Analysis of Cellular Events in Hippocampal CA1 of the Mice Treated with KA. (A) Five representative cellular calcium traces prior to KA administration; detected calcium transient events indicated by “x” marks. (B) Same traces after KA administration but before calcium build-up. (C) Same traces during the calcium build-up; same scale as in (A,B). (D) The peaks (red x) and integrals (cyan shading) of a representative cell: the 5 largest post-vehicle events (top) compared to a typical build-up event (bottom, same scale as on top).

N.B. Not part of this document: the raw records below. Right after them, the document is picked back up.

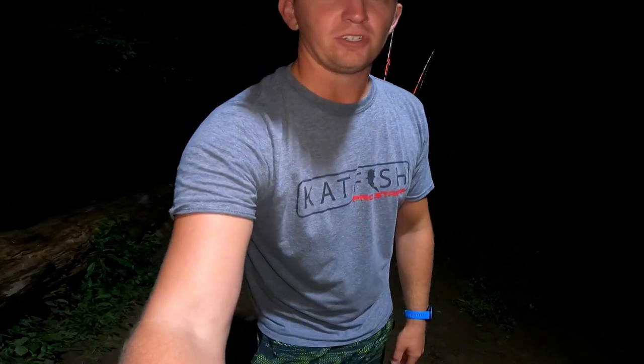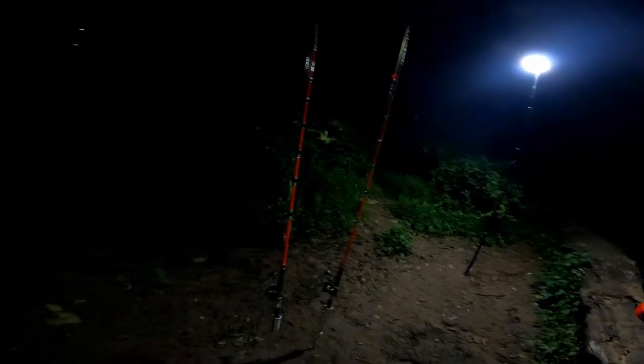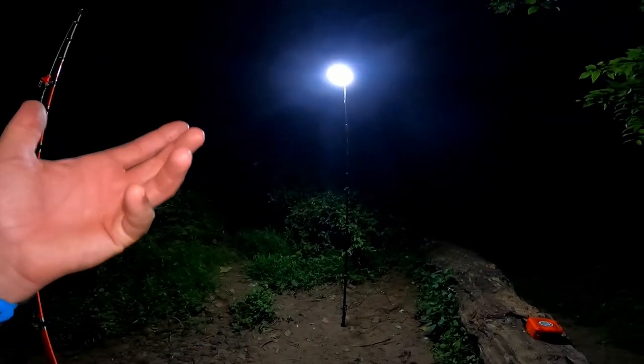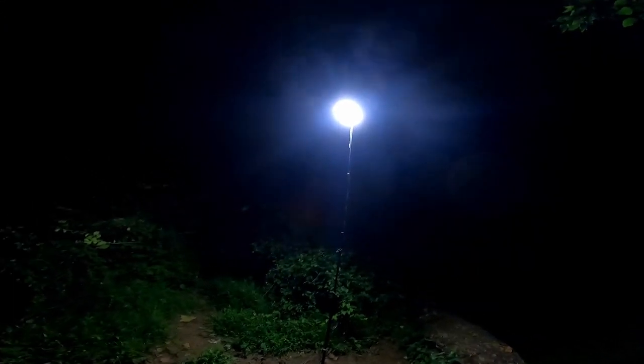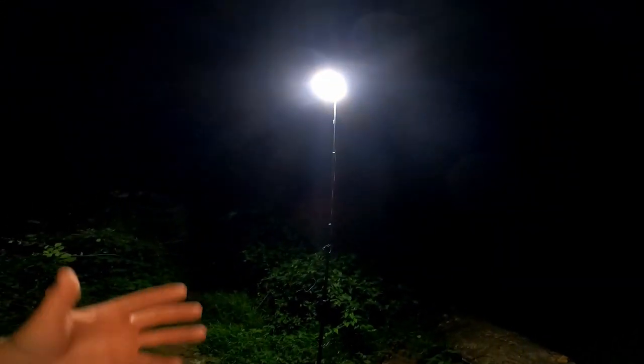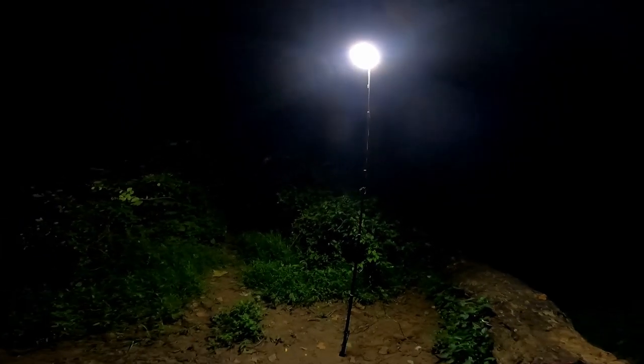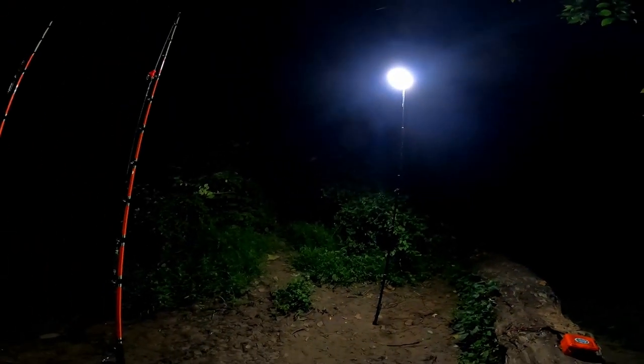Look at that — it just illuminates this whole little bank fishing area. That thing's about 12 feet up in the air. It's a nice night; you can see a few bugs up there near the light. Any bugs that would be in the area are drawn to the light, but we pull the Kansas City Shuffle and we're down and away from them, so they're not bothering us. The light does come with a remote — right now it's on 100% brightness, which is like having a streetlight above you. I'm going to save showing 50% and 25% for the boat and kayak segments.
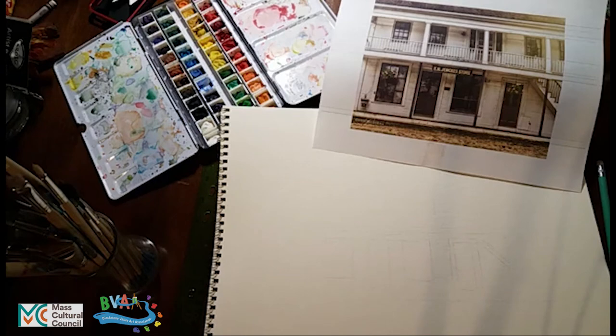Here we are with a piece of watercolor paper and some starting sketches on it. I used the graphite paper, but you can do that freehand. It's just a starting sketch to give you a sense of where you're going to put your image onto the paper.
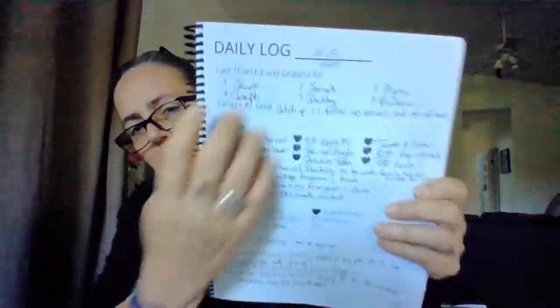Directly following the mind dump pages you will see a week's worth of daily logs. This particular one I've already done, from back in April. For your daily log, you start your day with 'I am thankful and grateful for' and there are six blanks. I challenge you to write down the names of six people that you're thankful and grateful for on a daily basis, or if you can't think of six people, write down six things you're thankful and grateful for.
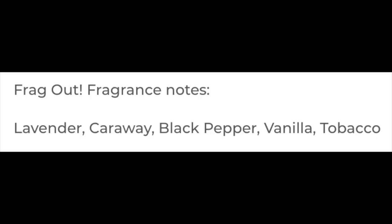It's got a very nice scent. Let's put the notes for you right here. We have lavender, black pepper, vanilla, tobacco. Comes together really really nicely. Scent strength right at that medium level.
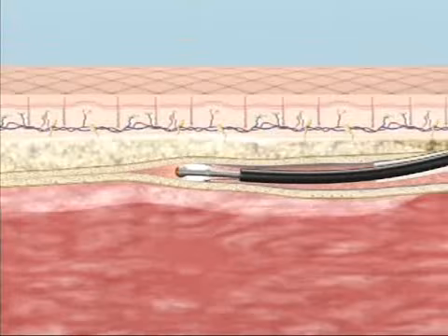When the electrodes reach the introducer sheath, RF energy is turned off and the catheter removed. The fibrotically occluded vein is resorbed by the surrounding tissue.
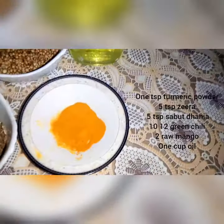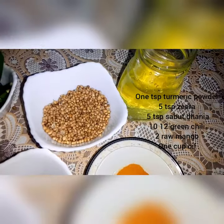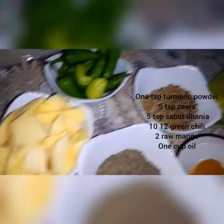Ingredients: 1 tablespoon haldi powder, 5 tablespoon saabut honey, 10-12 hari mixo (green chilies), 2 kachi kariya (raw mangoes), and 1 cup wine (vinegar).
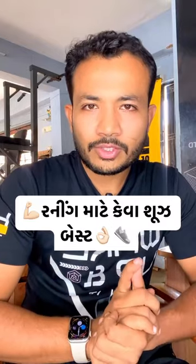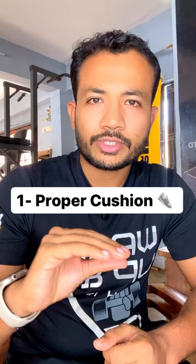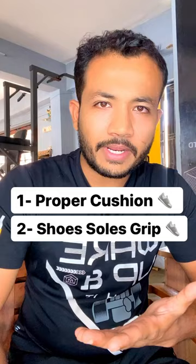In running, the shoes are chosen based on size. First, the shoes should have proper cushioning. Second, the sole should have proper grip. Third, the legs should have a proper fit.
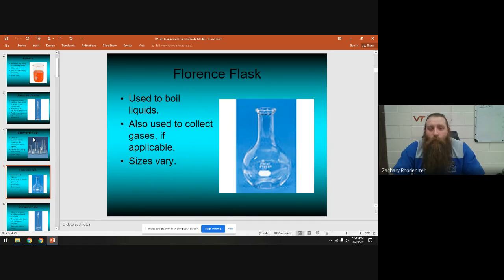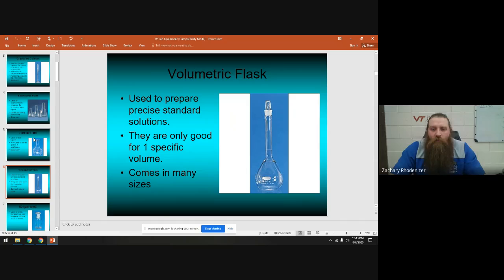A Florence flask is also called a round bottom flask. It's good for boiling, and sometimes used in organic chemistry to collect gas. A volumetric flask looks similar but has a single extremely accurate line on it. A volumetric flask only measures one volume — for example, exactly 50 milliliters — so it's good for measuring out specific aliquots but not for experiments where you don't know how much you'll have.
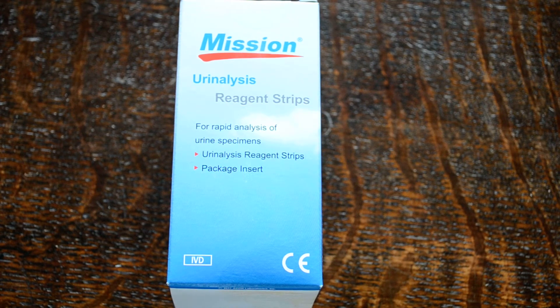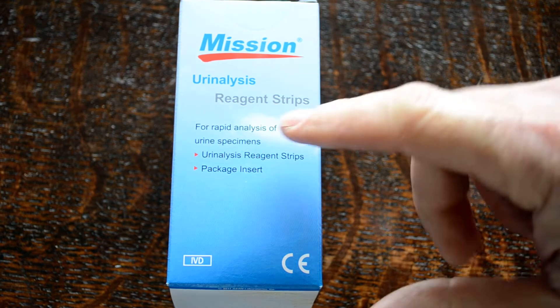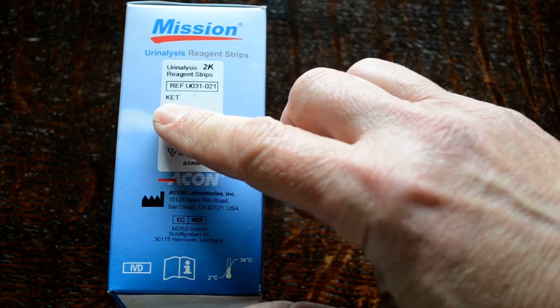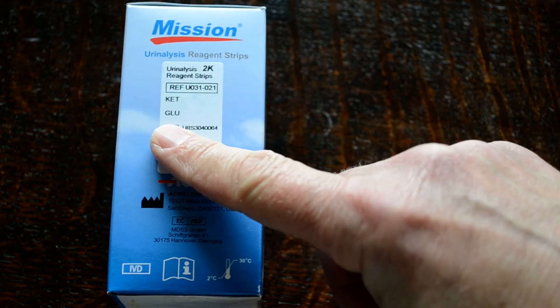Welcome to this video. We're going to show you the Mission 2K product. This is a urinalysis dip test strip. It comes in the pack shown in front of you here. CE marked in vitro diagnostic, which means it's for human testing. This particular test strip is a 2K, which means it's got ketone and glucose on the test strip.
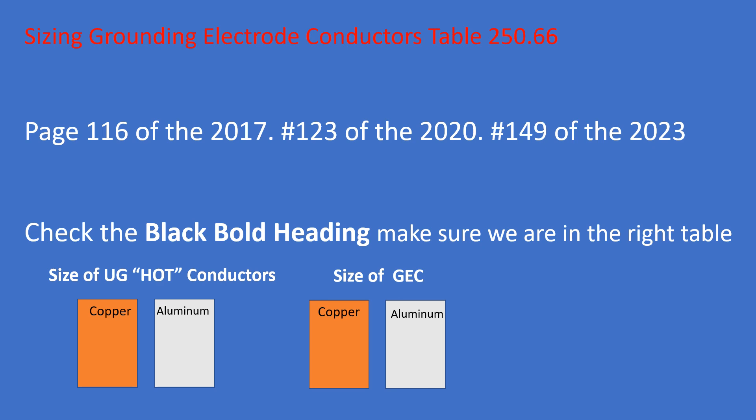On the aluminum side, it also includes copper clad aluminum conductors — they're treated the same in this table. That's not saying anything bad about copper clad aluminum; it's simply that because of its ampacities and other code factors, it's grouped with aluminum here. They could make a separate column, but that would expand the table.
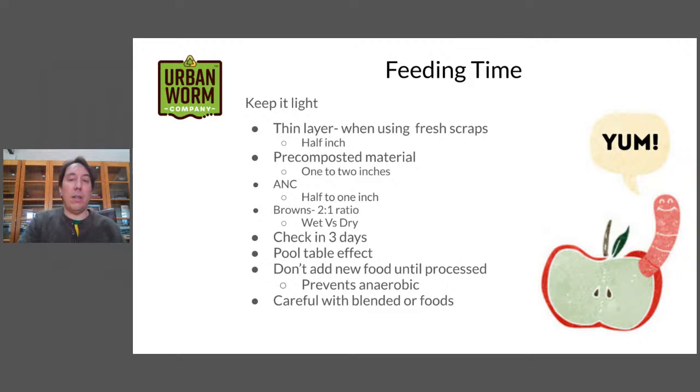Remember to keep your ratios of browns to greens — we want two parts brown to one part green ratio. If you're using the bucket method, we're already doing a one-to-one ratio there, so take that into consideration when adding more browns as you put food into the bin. Also take into consideration wet parts versus dry parts. If you're putting in fresh food scraps without having added any other brown material already, you'll want to add some dry brown material to soak up the moisture. We want to maintain about 50% moisture in our worm bins.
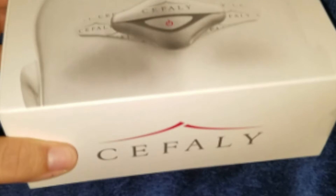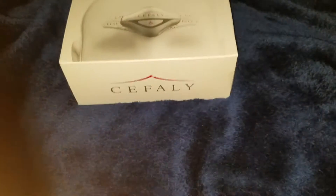It is kind of expensive — it's about $400, not including shipping.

The events' beginning and end are marked with blue “x”s. (E) Distributions of the build-up event peak amplitude (red histogram, top) and integral (cyan histogram, bottom) combined across animals (₁₀log x-axis scale).

Figure 4

Epileptiform motifs in CA1 of Mice Pre-Treated with VA (300 mg/kg, i.p.) 15 min Prior to KA Administration. (A–D) A representative session (A) of an animal pre-treated with VA before KA administration (VAKA) exhibited isolated flashing (B), but otherwise had similar epileptifom patterns (C,D) as animals treated with KA only. (E) Occurrences of stereotypical events (Δ, rapid-flashing and build-up; ^*, calcium wave; __, slow-flashing) are marked in four representative VAKA (top) and KA (bottom) sessions. Background color indicates EEG seizure scores. Red “x” indicates the onset of CMS. (F) Mean normalized fluorescence intensities during the first identifiable wave were aligned with respect to peak time and plotted across time (left: KA animals; right: VAKA animals). (G) Analysis of individual neurons with respect to the characteristics of calcium-build-up events (the Log Peak Ratio and Log Integral Ratio) showed no significant differences in the VAKA group compared with the KA group.